À cause du succès de ce tourisme centré sur la protection de la vie sauvage, les bergers Maasaï se retrouvent donc chassés de leurs terres.

« La taille du bétail a augmenté de manière exponentielle alors que les zones de pâturage se sont radicalement réduites, ce qui crée donc immanquablement un conflit, » explique Taylor.

L'utilisation de poison pour tuer ou affaiblir des lions se popularise dans plusieurs pays d'Afrique de l'Est, note Phillip Henschel, un spécialiste des lions pour le groupe de protection des animaux Panthera.

« Les braconniers, qui tuent des animaux pour certaines parties de leurs corps, utilisent eux aussi de plus en plus de poison. Au Zimbabwe, il existe de nombreuses preuves que des éléphants ont été intoxiqués au cyanure, » regrette Henschel. « Mais pour le cas des lions, la plupart des affaires d'empoisonnement pourraient être liées aux bergers. »

Le conflit qui oppose les lions et le bétail en Afrique est particulièrement prégnant en Tanzanie, au Zimbabwe, au Kenya et dans certaines parties de la Namibie.

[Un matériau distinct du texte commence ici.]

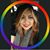 Jenny Pérez's profile image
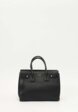 Saint Laurent Sac De Jour1  - превью
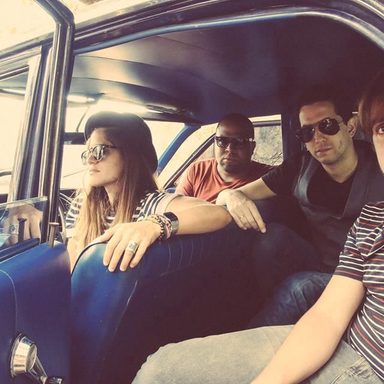 Canto Dos Malditos Na Terra do Nunca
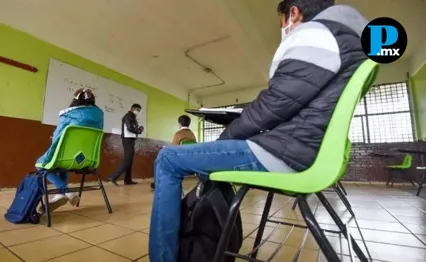 No pagues de m&aacute;s: esto dice la SEP sobre las cuotas escolares 2026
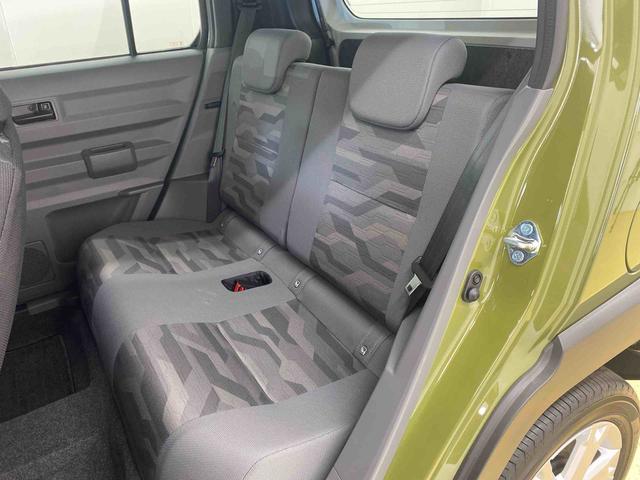 タフトＧ　保証付き（静岡県）の中古車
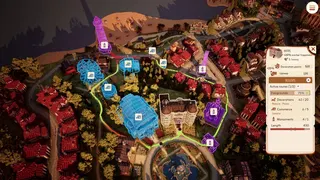 Town to City screenshot 10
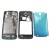 Full Body Housing For Samsung Galaxy S4 Active Shve470s Pink - Maxbhi Com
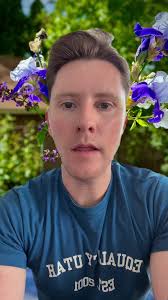 Become a Gardening Influencer: My Journey Begins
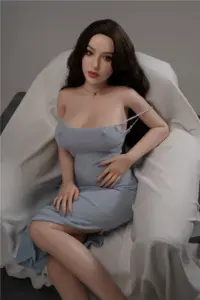 165cm-Silicone-Sex-Doll-107.jpg-3.webp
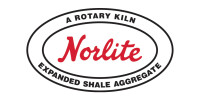 Norlite corporation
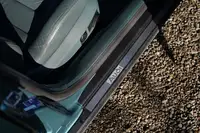 2001 Audi A6 TDI Quattro Sport - Just 6,606 miles-Sold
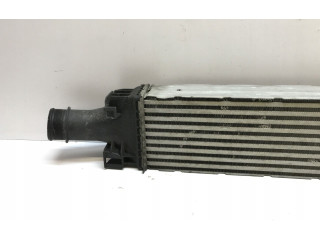 Интеркулер  8W0145805AD, 8W0145805AD   Audi A5 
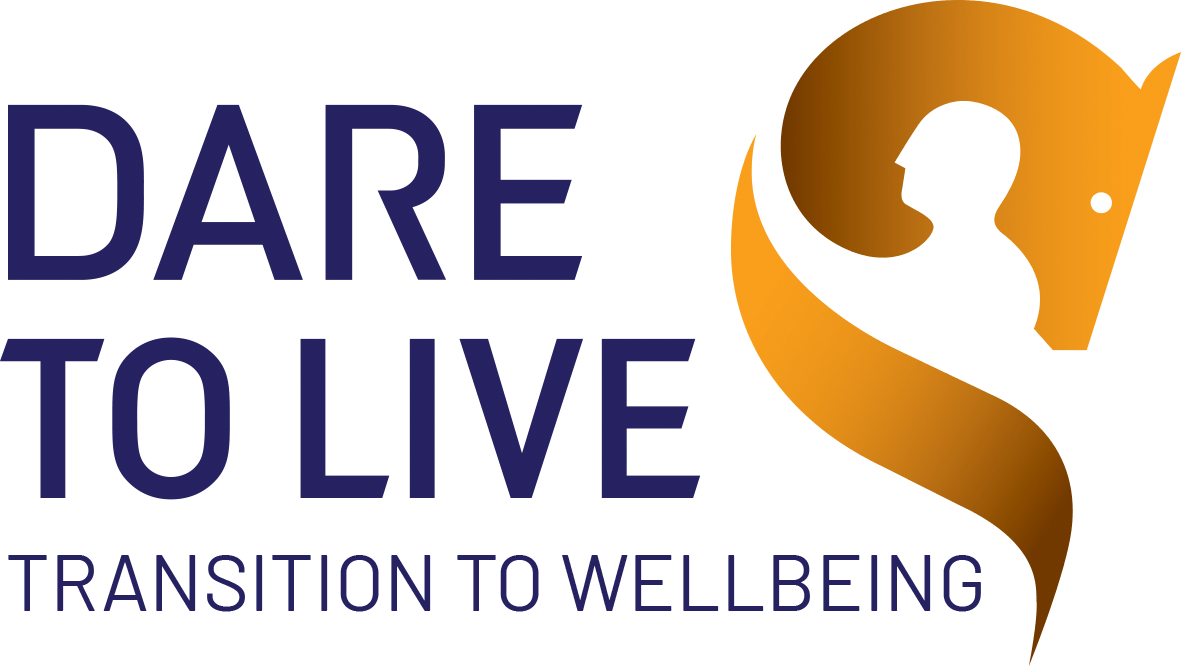 Supporting Trauma Transition
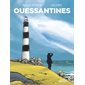 Ouessantines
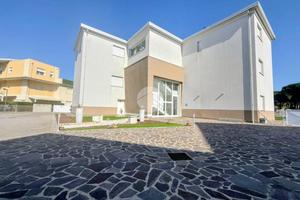 3 LOCALI A RAVENNA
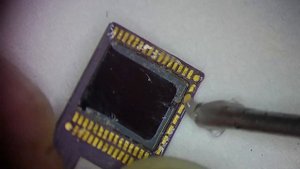 How to Repair Face ID iPhone 13 Pro Max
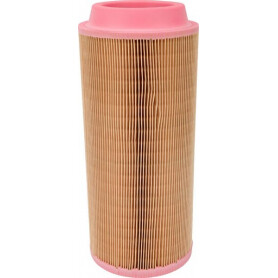 Filtre à air HIFI-FILTER SA17100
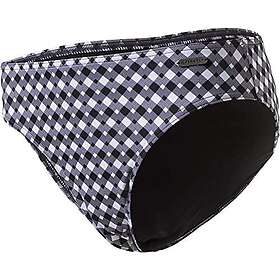 Firefly Dam Bikini Melly Ii  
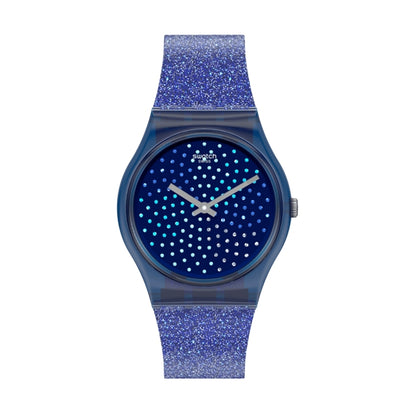SWATCH WATCHES modelis GN270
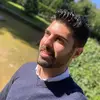 Carmelo roldan herna - @carmeloroldan - TikTok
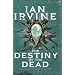 The Destiny of the Dead: Song of the Tears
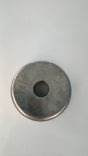 Pulsar Stainless Steel Heat Shield for in Precision/PTE Ball Bearing Turbo 6062 6262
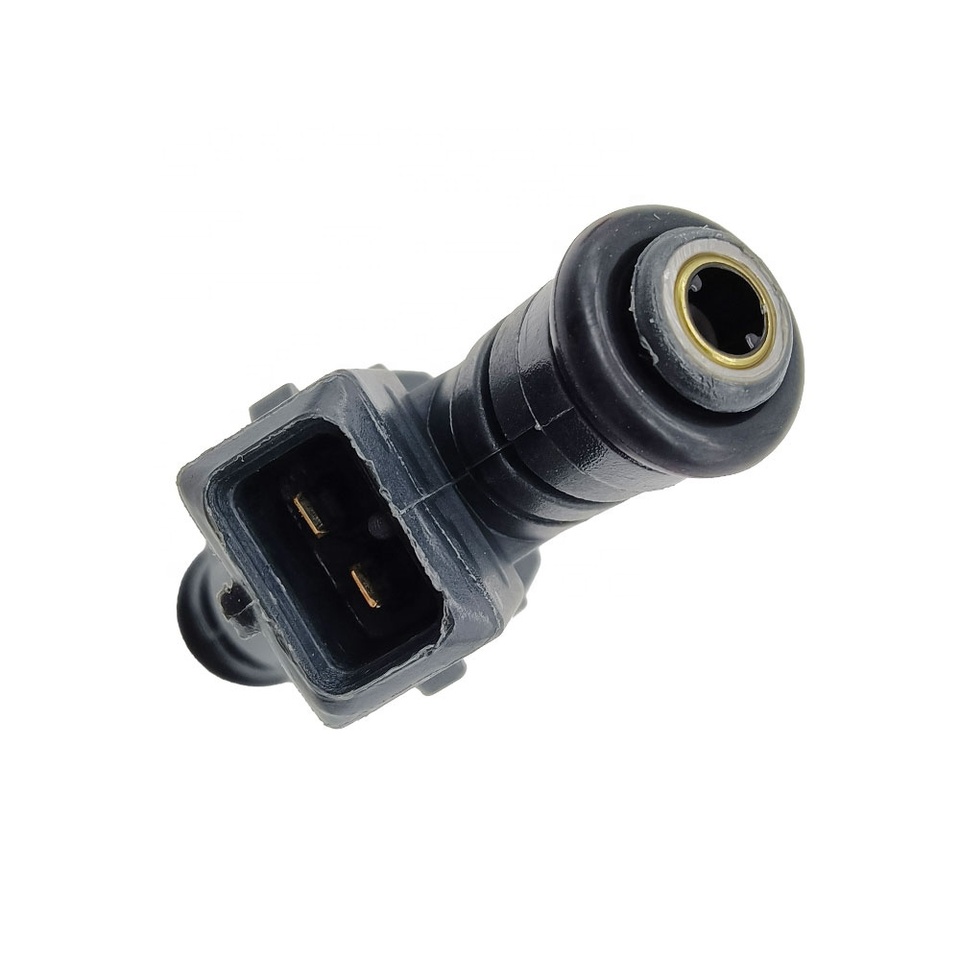 Fuel Injector Nozzle 280156321 Inyector De Gasolina For Cirtoen 2 CV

Une équipe de vétérinaires a réalisé une autopsie du corps de Bibi pour se rendre compte que le lion a été tué avec du pesticide carbofuran, que l'on trouve dans le commerce sous la marque Furadan aux États-Unis, au Canada et dans l'Union européenne.

Près d'une centaine de lions sont tués chaque année à cause d'empoisonnement au Kenya, d'après les estimations d'Henschel.

« Les tribus pastorales qui émaillent le continent africain ont toujours tué des lions pour défendre leur bétail, » explique Henschel. « Mais les chasses traditionnelles avec des lances ou des arcs qui demandaient une bonne dose de courage disparaissent peu à peu. Ces chasses visaient aussi un animal en particulier. Mais le poison agit aujourd'hui comme une arme préventive pour les bergers afin, d'exterminer localement des populations carnivores entières."

L'ONG kényane Wildlife Direct pousse depuis 2009 pour que les autorités du pays imposent une interdiction d'utiliser le pesticide, mais le gouvernement a refusé jusqu'ici de satisfaire la requête de l'ONG.